• _EXERCISE DATA_
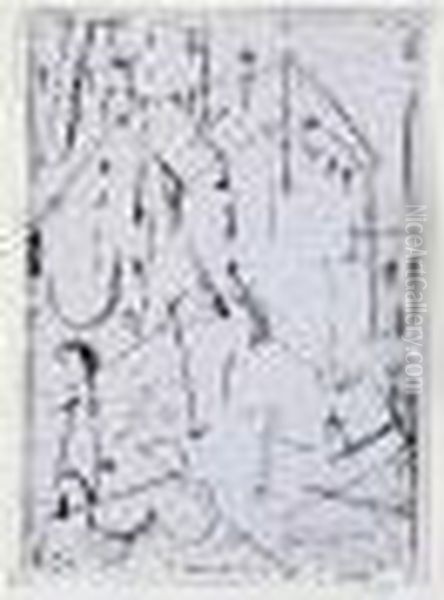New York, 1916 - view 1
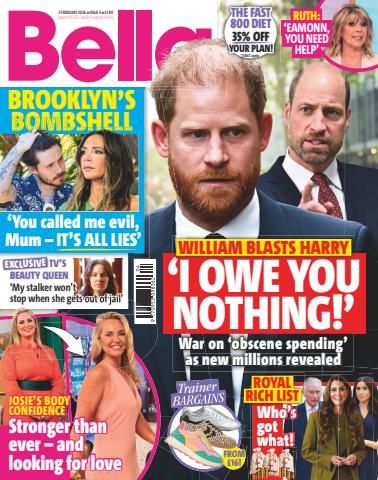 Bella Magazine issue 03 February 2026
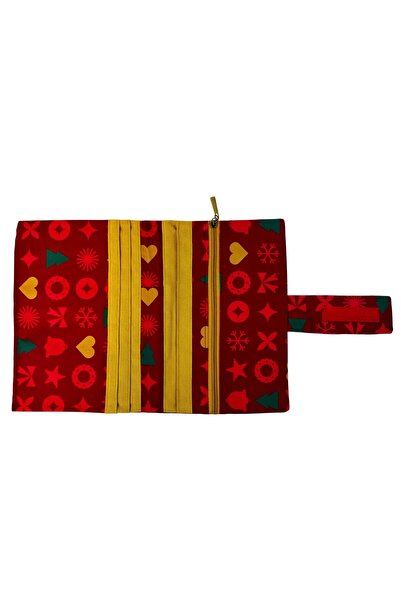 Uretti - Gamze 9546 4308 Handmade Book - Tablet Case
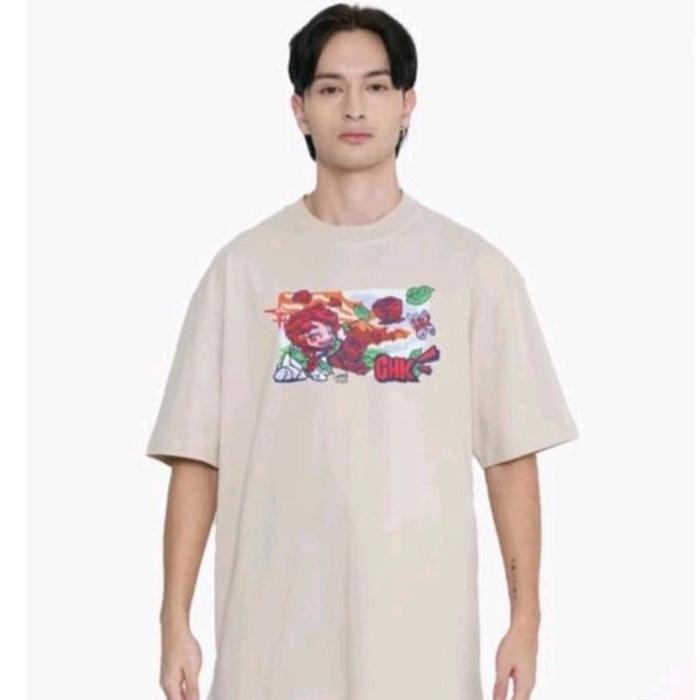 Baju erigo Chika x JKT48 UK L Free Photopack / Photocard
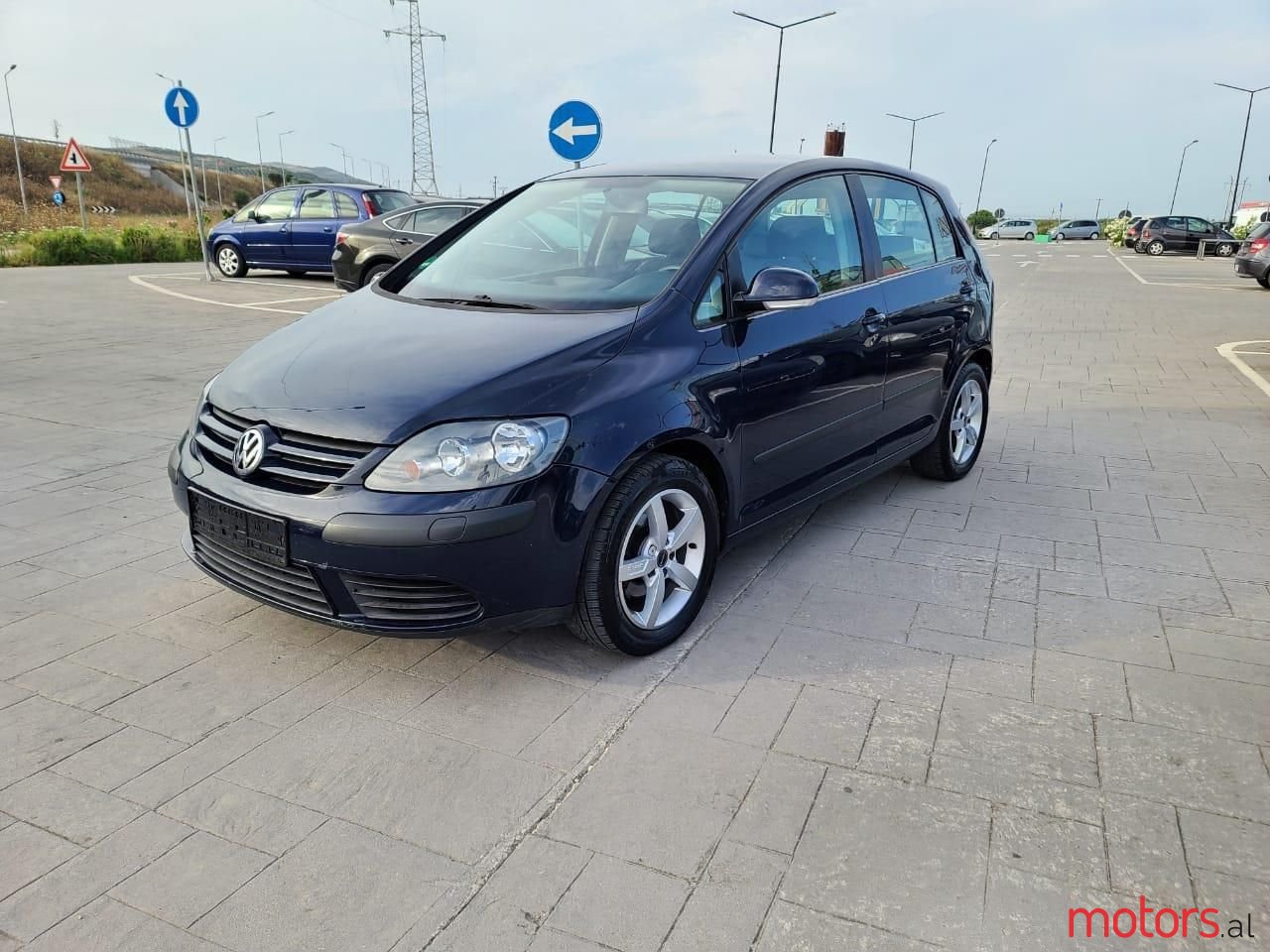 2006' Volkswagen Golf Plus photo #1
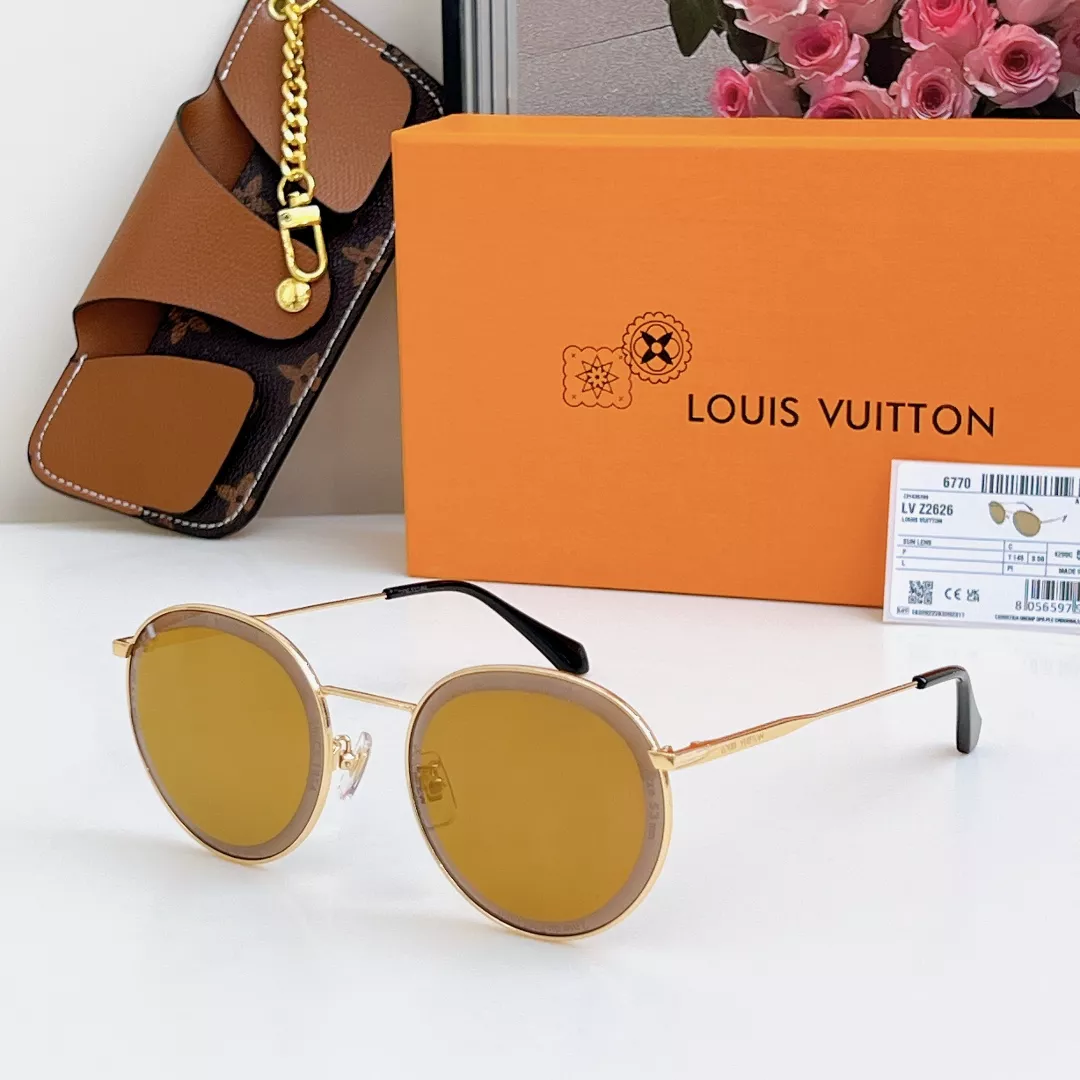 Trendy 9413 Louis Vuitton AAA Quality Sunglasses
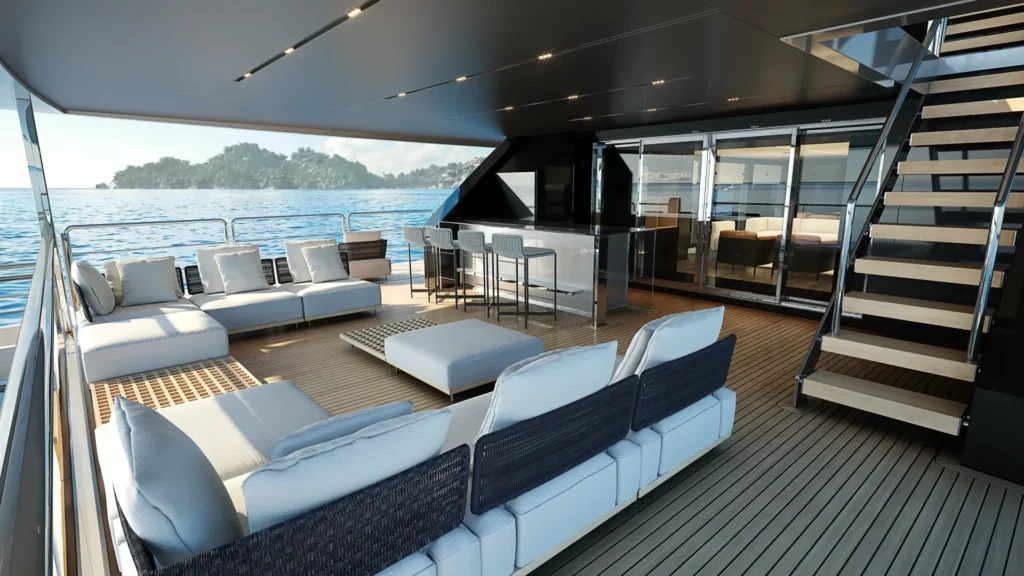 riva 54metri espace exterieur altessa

• _PROBLEM DESCRIPTION_
Repeat the records above exactly. Pictures do not belong in the copy.

• _RESPONSE_
New York, 1916 - view 1
 Bella Magazine issue 03 February 2026
 Uretti - Gamze 9546 4308 Handmade Book - Tablet Case
 Baju erigo Chika x JKT48 UK L Free Photopack / Photocard
 2006' Volkswagen Golf Plus photo #1
 Trendy 9413 Louis Vuitton AAA Quality Sunglasses
 riva 54metri espace exterieur altessa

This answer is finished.